Bunda mungkin pernah menjumpai anak yang menangis histeris karena baju yang dikenakan tidak sesuai keinginannya, atau yang melempar mainan karena frustasi. Tindakan seperti itu bukan semata-mata karena anak “sulit diatur”, tapi karena mereka belum bisa menamai dan menyalurkan emosinya dengan tepat.
Menjadi orang tua bukan hanya soal mengatur atau mengarahkan, tetapi juga tentang belajar mendengarkan. Bukan hanya mendengar suara, tapi juga membaca sinyal emosional yang anak sampaikan.
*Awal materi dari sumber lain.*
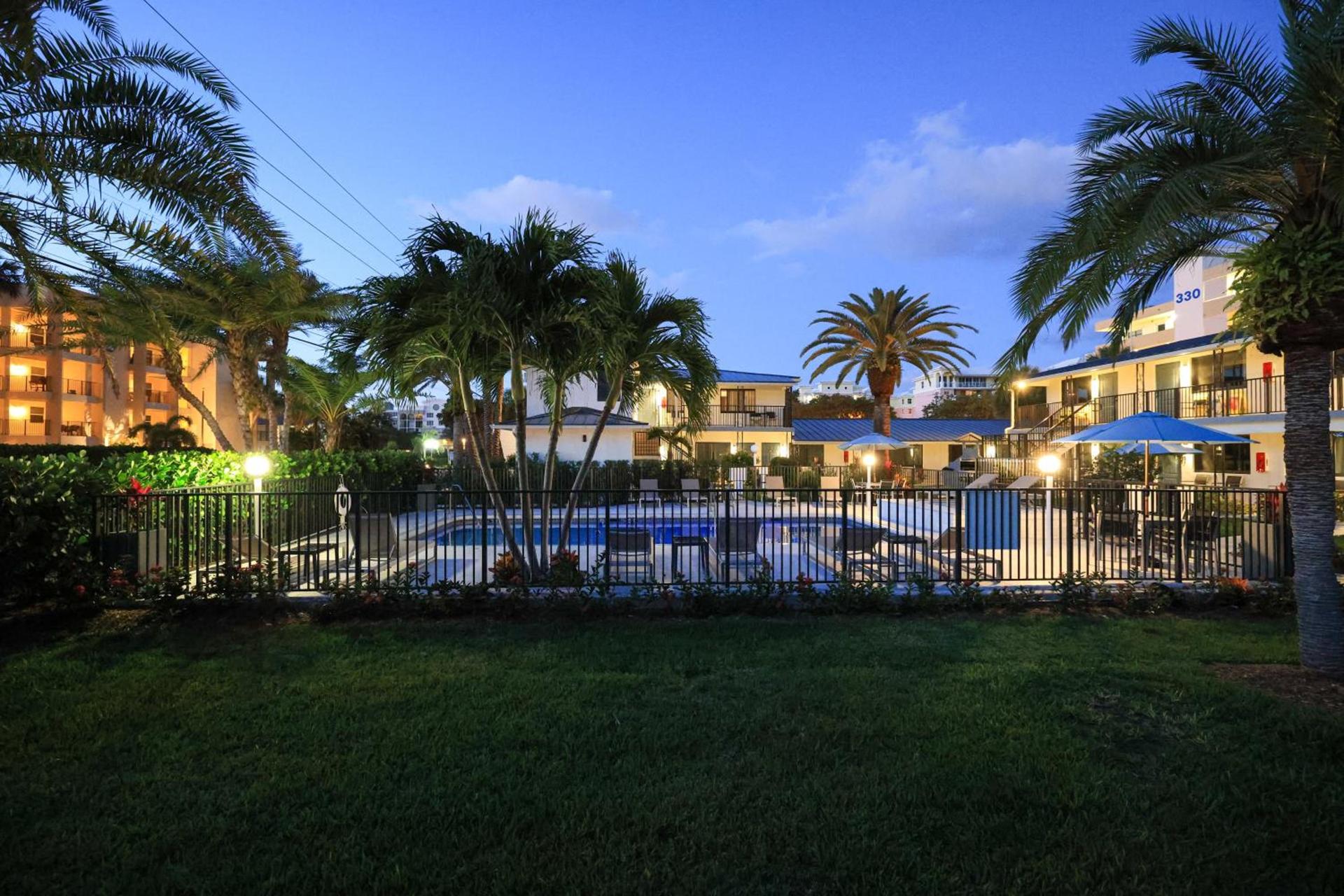 Tropic Isle Beach Resort photo 67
Mendengarkan anak berarti:
• Menunda untuk langsung menghakimi
• Menurunkan ego sebagai orang tua
• Memberikan ruang aman bagi anak untuk mengekspresikan perasaannya
• Menghindari respon seperti “Ah, itu mah rewel,” atau “Nggak usah nangis, malu dilihat orang”
Alih-alih begitu, coba ganti dengan:
“Kamu kecewa ya karena mainannya rusak?”
“Kamu capek ya? Bunda ngerti, yuk istirahat bareng.”
1. Anak Menangis Saat Tidak Diberi Permen
• Reaksi biasa: “Sudah, diam! Jangan nangis cuma karena permen!”
• Respon penuh empati: “Kamu kecewa ya nggak bisa makan permen sekarang? Yuk bunda peluk dulu, nanti kita cari camilan yang sehat, ya.”
2. Anak Tiba-Tiba Diam Setelah Dimarahi
• Reaksi biasa: “Kenapa sih kamu diam aja? Jawab dong!”
• Respon penuh empati: “Bunda tahu kamu lagi sedih. Bunda di sini kalau kamu mau cerita.”
Karena anak belum bisa mengungkapkan emosi dengan jelas, maka bunda bisa membantu mereka:
✅ 1. Menamai Emosi
“Kamu marah ya karena mainannya direbut?”
Dengan membantu menamai, anak mulai belajar membedakan rasa sedih, marah, kecewa, dan takut.
✅ 2. Memberikan Validasi
“Wajar kok kalau kamu sedih.”
Validasi membuat anak merasa emosi mereka diterima dan tidak dianggap salah.
✅ 3. Mengajarkan Cara Ekspresi yang Sehat
“Kalau marah, kamu boleh ngomong. Tapi tidak boleh pukul adik.”
Dengan begitu, anak belajar menyalurkan perasaan dengan cara yang aman.
Foto: Internet
Anak yang tumbuh dalam lingkungan yang memahami bahwa setiap perilakunya adalah bentuk komunikasi, akan memiliki:
• Kemampuan mengenali dan menamai emosinya sendiri
• Kemampuan mengatur emosi dengan sehat
• Kepercayaan diri dalam menyampaikan kebutuhan
• Hubungan yang lebih kuat dan terbuka dengan orang tuanya
Dan semua itu bukan hanya bermanfaat saat mereka kecil. Ini akan menjadi bekal penting untuk menghadapi masa remaja dan dewasa dengan mental yang kuat dan emosi yang sehat.
Foto: Internet
Bunda, anak mungkin belum bisa berkata, “Aku lelah,” atau “Aku butuh dipeluk.” Tapi mereka menunjukkannya lewat sikap, reaksi, dan tangisan. Maka, sebelum buru-buru mengoreksi, bangun dulu koneksi. Bukan dengan omelan, tapi dengan pelukan. Bukan dengan perintah, tapi dengan empati.
Ingat selalu:
“Anak belum bisa bicara selancar kita. Tapi mereka tetap ingin didengar.”
Dan dalam setiap reaksi, ada pesan. Dalam setiap pesan, ada kebutuhan yang menunggu untuk dipahami.